# [COLLECTED DATA]
━━━

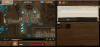 Code Combat.png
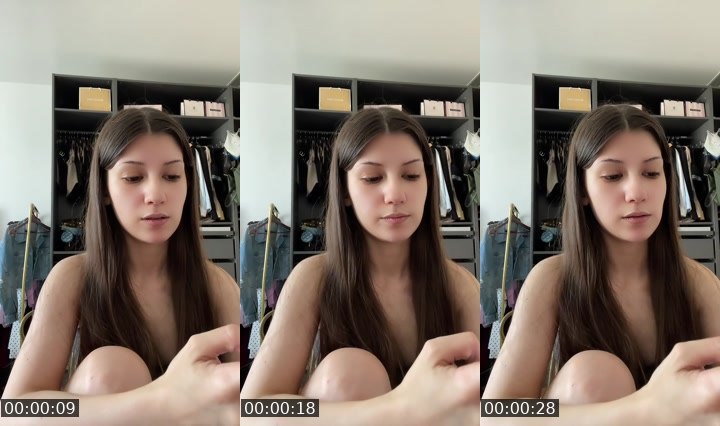 Bigo live: #charmer DANIELA by @9759160d
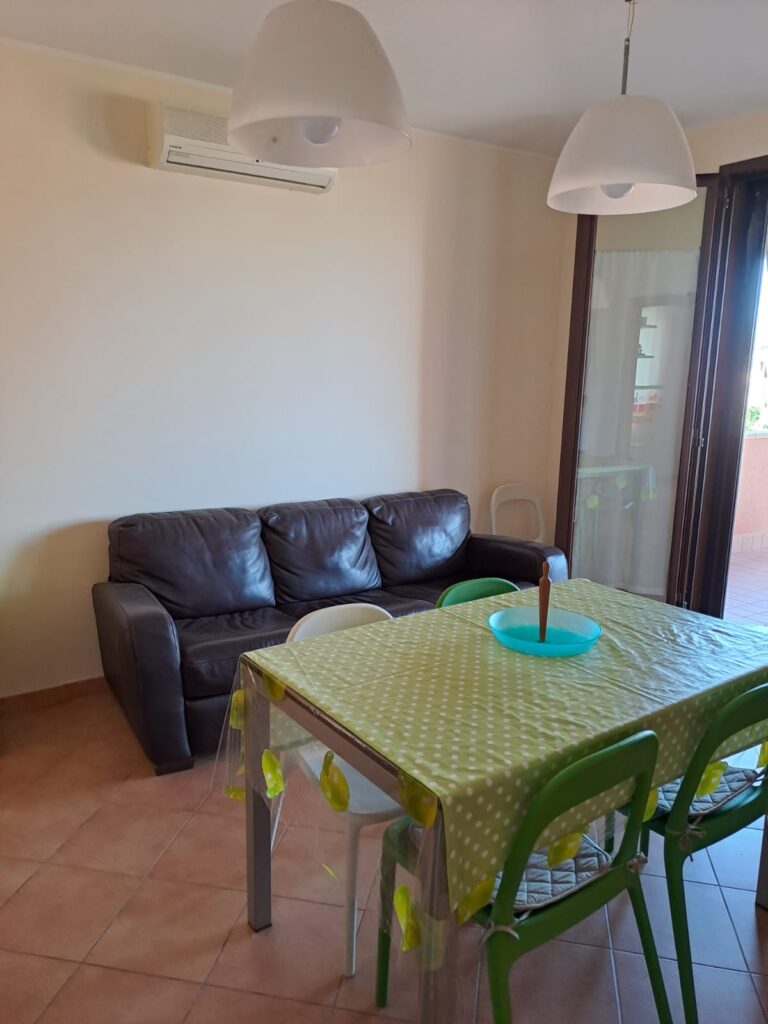 PHOTO 2025 01 10 17 37 07y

━━━

Drop the pictures; repeat the listing above exactly.

 Code Combat.png
 Bigo live: #charmer DANIELA by @9759160d
 PHOTO 2025 01 10 17 37 07y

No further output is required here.